Minimum Cost to Merge Stones in C++

C++Server Side ProgrammingProgramming

Suppose we have N piles of stones arranged in a row. Here the i-th pile has stones[i] number of stones. A move consists of merging K consecutive piles into one pile, now the cost of this move is equal to the total number of stones in these K number of piles. We have to find the minimum cost to merge all piles of stones into one pile. If there is no such solution then, return -1.

So, if the input is like [3,2,4,1] and K = 2, then the output will be 20, this is because, we will start with [3, 2, 4, 1]. Then we merge [3, 2] for a cost of 5, and we are left with [5, 4, 1]. After that we merge [4, 1] for a cost of 5, and we are left with [5, 5]. Then we merge [5, 5] for a cost of 10, and we are left with [10]. So, the total cost was 20, and this is the minimum one.
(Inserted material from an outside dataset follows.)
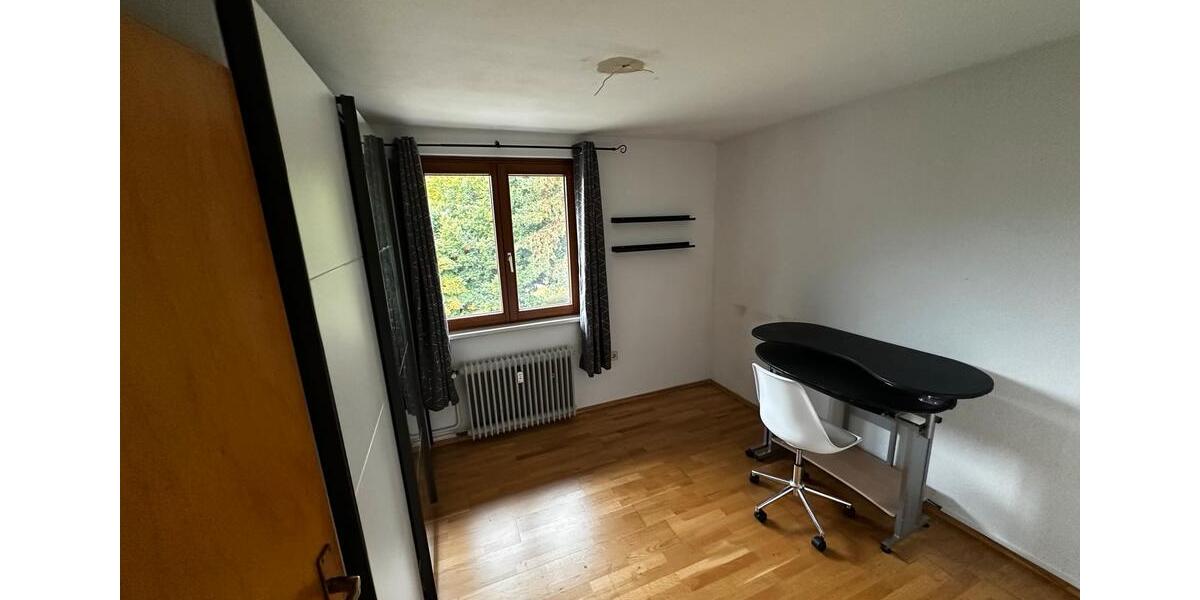 Etagenwohnung Schramberg Tennenbronn - 4 Zimmer, 98 m&sup2;, 900&euro; | Angebot:25393811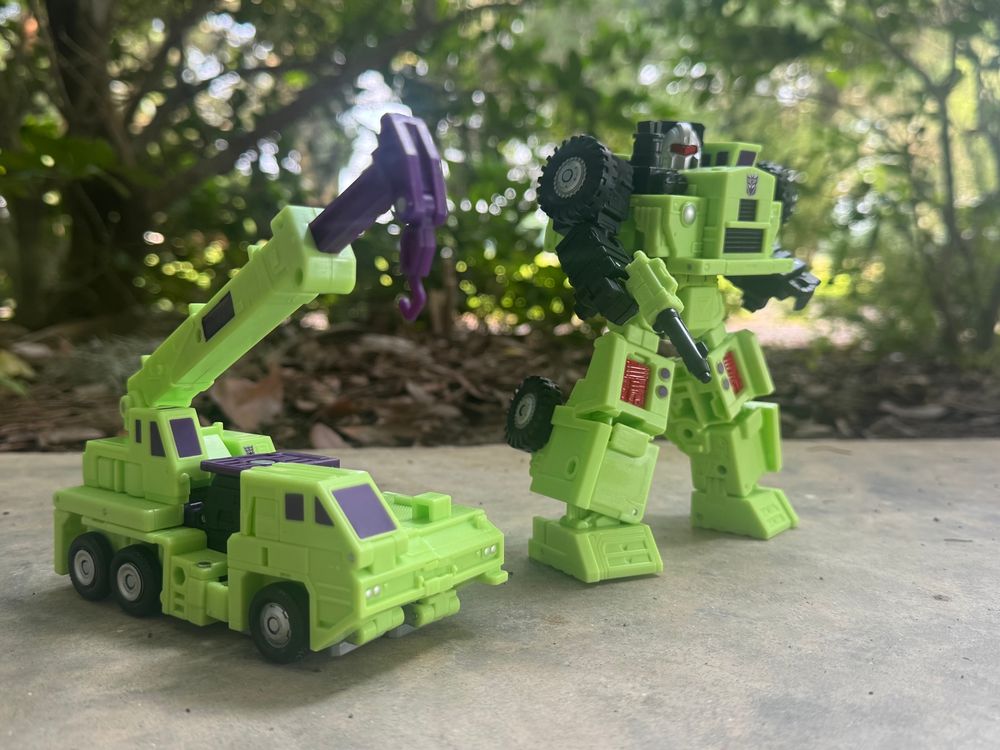 Hook (left) in vehicle mode with Longhaul (right).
To solve this, we will follow these steps −

  • n := size of stones

  • if (n - 1) mod (k - 1) is not equal to 0, then −

    • return -1

  • Define an array prefix of size n + 1

  • for initialize i := 1, when i <= n, update (increase i by 1), do −

    • prefix[i] := prefix[i - 1] + stones[i - 1]

  • Define one 2D array dp of size n x n

  • for initialize length := k, when length <= n, update (increase length by 1), do −

    • for initialize i := 0, j := length - 1, when j < n, update (increase i by 1), (increase j by 1), do −

    • dp[i, j] := inf

    • for initialize mid := i, when mid < j, update mid := mid + k - 1, do −

      • dp[i, j] := minimum of dp[i, j] and dp[i, mid] + dp[mid + 1, j]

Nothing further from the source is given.